DIRECTIONS – Report every line of the records beneath this task that holds the string "with".

TASK MATERIAL –
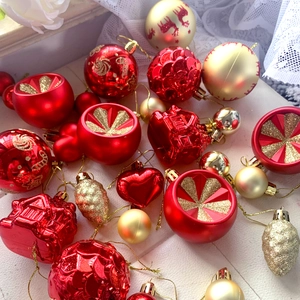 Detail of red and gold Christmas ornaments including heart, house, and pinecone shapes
---
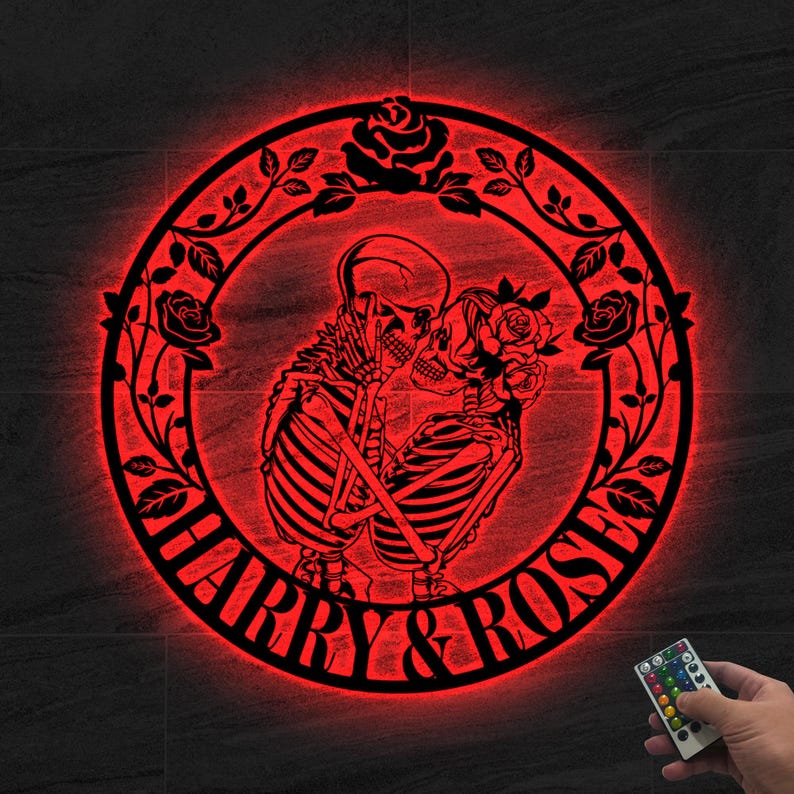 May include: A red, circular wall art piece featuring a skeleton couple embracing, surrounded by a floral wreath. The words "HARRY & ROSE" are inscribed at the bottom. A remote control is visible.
...
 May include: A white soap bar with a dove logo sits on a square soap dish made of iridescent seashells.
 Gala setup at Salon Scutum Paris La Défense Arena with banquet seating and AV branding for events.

RESPONSE TO THE EXERCISE –
 May include: A white soap bar with a dove logo sits on a square soap dish made of iridescent seashells.
 Gala setup at Salon Scutum Paris La Défense Arena with banquet seating and AV branding for events.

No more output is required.